Deep Learning Infrastructure at Scale: An Overview

Many commercial applications of Deep Learning need to operate at large scale, typically in the form of serving deployed models to large numbers of customers. However inference is only half of the battle. The other side to this problem, which we will address here, is how to scale ML model building and research efforts when training datasets grow very large, and training must be done in a distributed fashion in the cloud. At Intuition Machines, we often need to deal with web-scale datasets of images and video, and as such having an efficient, scalable multi-user distributed training platform is essential.

This post encapsulates our recent review of the field, and is intended to serve as an introduction to the principles of training at scale along with a brief overview of the best available open source solutions for training your own networks in this manner.

What are the challenges with scaling up Deep Learning?

As ML projects move from small scale research investigations to real world deployment, a large amount of infrastructure is required to support large scale inference, efficient distributed training, data ingest/transformation pipelines, versioning, reproducible experiments, analysis, and monitoring; creating and managing these support services and tools can eventually constitute much of the workload of ML engineers, researchers, and data scientists.

The portion of ML code in a real-world ML system is a lot smaller than the infrastructure needed for its support.

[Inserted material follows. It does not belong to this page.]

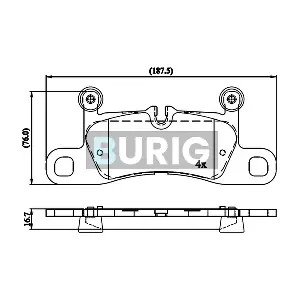 B020694 Burig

Source:  Sculley et al.: “Hidden Technical Debt in Machine Learning Systems”

How can we enable these teams to focus on training the best models and delivering the best solutions without reinventing the wheel each time or getting bogged down in technical debt? (Sculley et al. discuss some other challenges in scaling ML systems, such as Glue Code, Pipeline Jungles, Reproducibility and Process Management Debt). We will take a look at some of the emerging infrastructural solutions to combat these issues below.

These days it is common to use cloud compute services such as Amazon AWS, Microsoft Azure, or Google GCP for handling all kinds of workloads. On the inference and data processing side, we can efficiently handle massive jobs in parallel using clusters of worker nodes and services co-ordinated with Kubernetes. We can be agnostic to underlying hardware and deploy on different platforms, using containerization to manage installation requirements.

For training, Deep Learning packages such as TensorFlow and PyTorch have added native support for multi-GPU training. This may be straightforward enough to deploy on a small scale on dedicated hardware, but when dealing with multi-node distributed training additional work is required. Another big requirement is portability: the same code should run on a laptop, a GPU rig, or a cluster, and even automatically scale based on demands. It is possible to hand-craft scripts to orchestrate deployment across a cluster, but this is cumbersome. However there are now open-source solutions that will enable packaging, containerization and automated deployment and co-ordination of workers and jobs. We will look at some in the next section.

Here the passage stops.